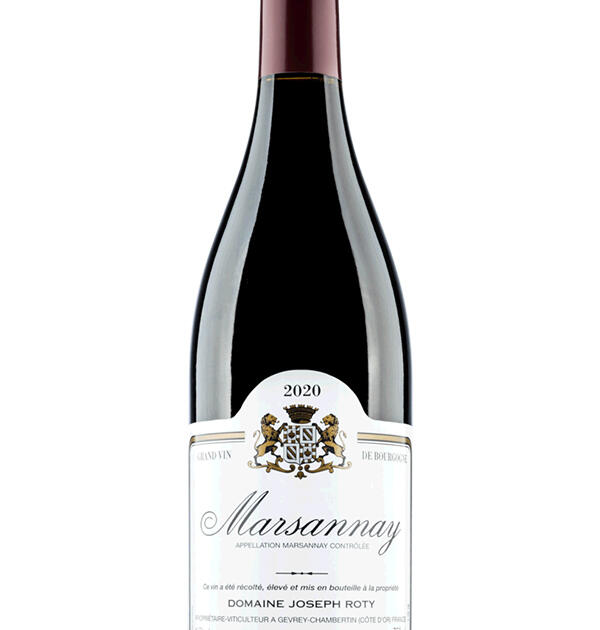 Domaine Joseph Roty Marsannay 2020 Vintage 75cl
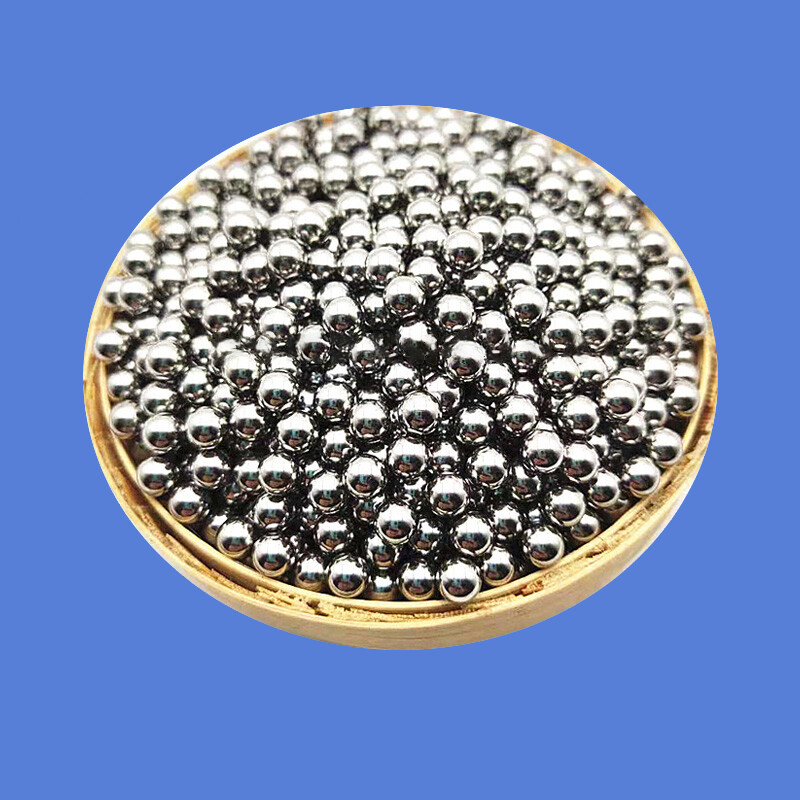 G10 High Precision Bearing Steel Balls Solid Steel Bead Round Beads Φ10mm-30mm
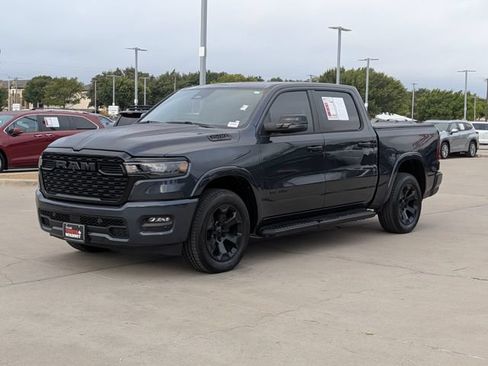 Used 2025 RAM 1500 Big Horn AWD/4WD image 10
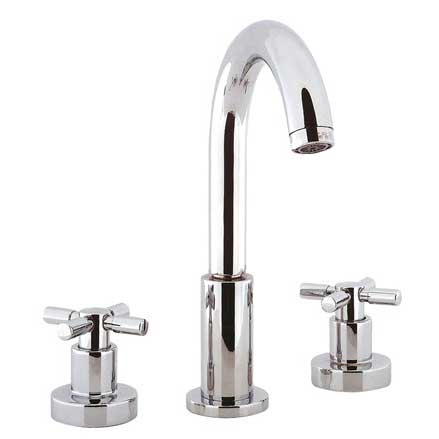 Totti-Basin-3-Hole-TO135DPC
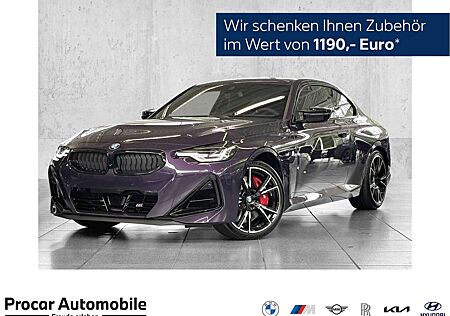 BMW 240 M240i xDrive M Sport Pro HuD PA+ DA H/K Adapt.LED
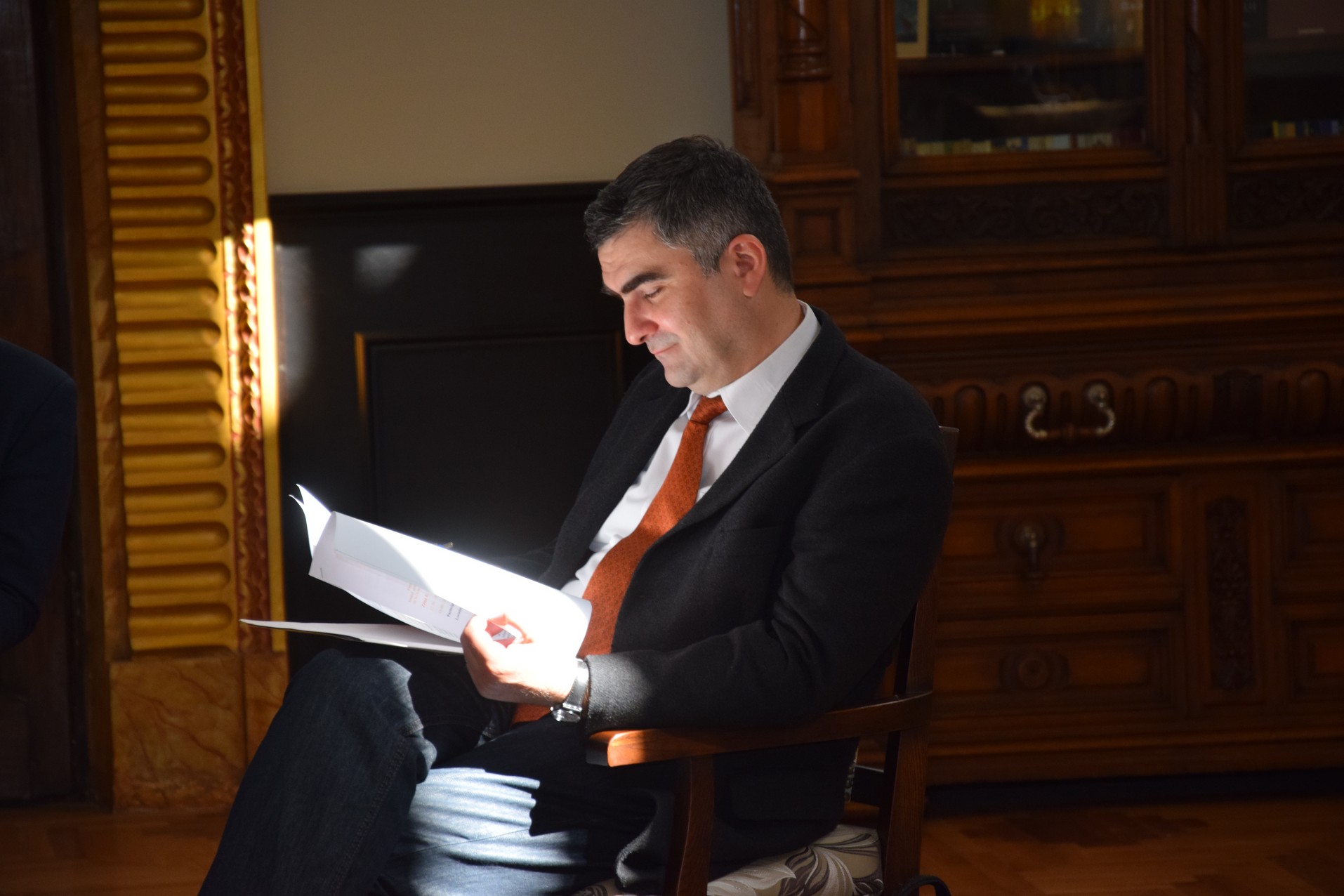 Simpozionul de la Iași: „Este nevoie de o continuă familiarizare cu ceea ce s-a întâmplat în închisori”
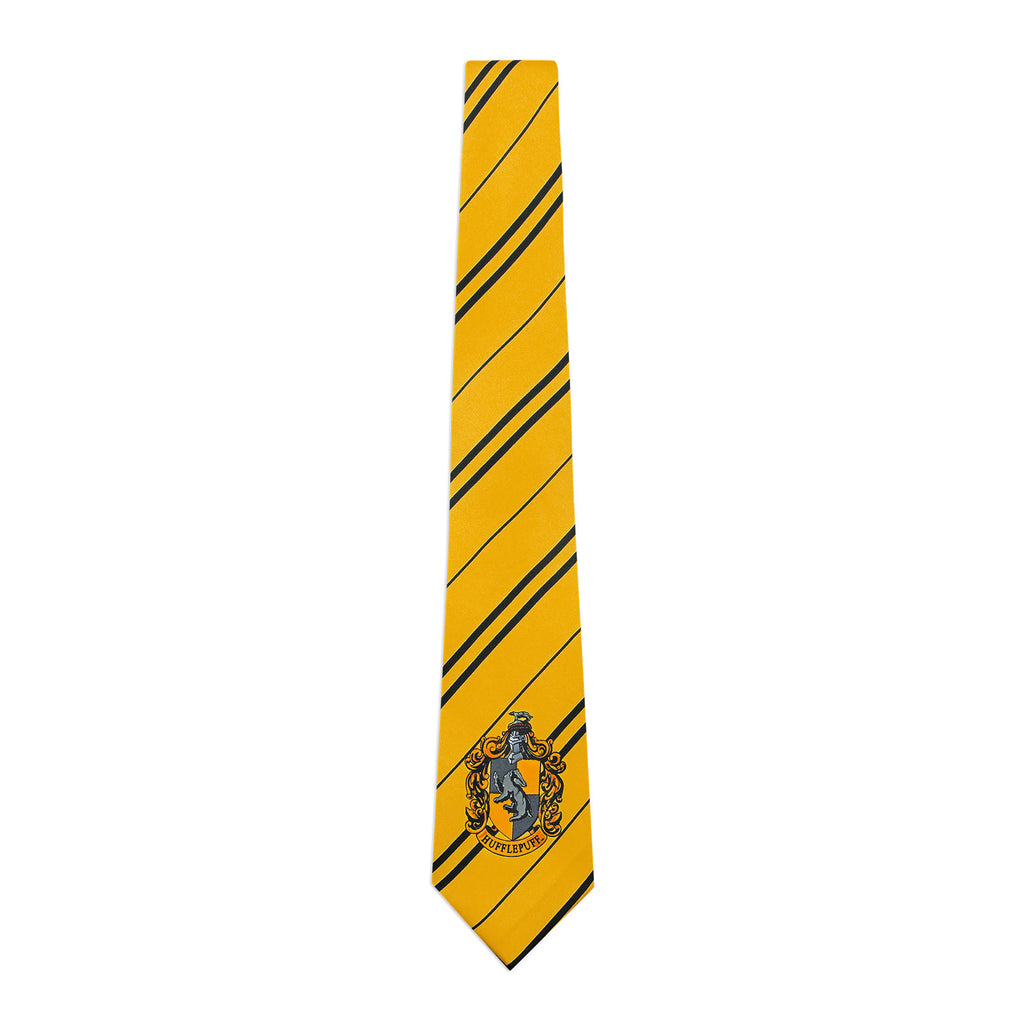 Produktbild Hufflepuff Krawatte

...

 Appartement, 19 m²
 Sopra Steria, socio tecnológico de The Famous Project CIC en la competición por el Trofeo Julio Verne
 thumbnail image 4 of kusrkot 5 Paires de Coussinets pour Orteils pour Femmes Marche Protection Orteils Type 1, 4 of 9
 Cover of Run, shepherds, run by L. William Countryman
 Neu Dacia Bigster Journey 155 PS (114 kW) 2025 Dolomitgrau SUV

WORK TASK> Above are entries with pictures among them. Write out exactly the lines from the one containing "G10 High Precision" through the one containing "Simpozionul de la", ends included, and leave those pictures out.

ANSWER TO THIS TASK>
 G10 High Precision Bearing Steel Balls Solid Steel Bead Round Beads Φ10mm-30mm
 Used 2025 RAM 1500 Big Horn AWD/4WD image 10
 Totti-Basin-3-Hole-TO135DPC
 BMW 240 M240i xDrive M Sport Pro HuD PA+ DA H/K Adapt.LED
 Simpozionul de la Iași: „Este nevoie de o continuă familiarizare cu ceea ce s-a întâmplat în închisori”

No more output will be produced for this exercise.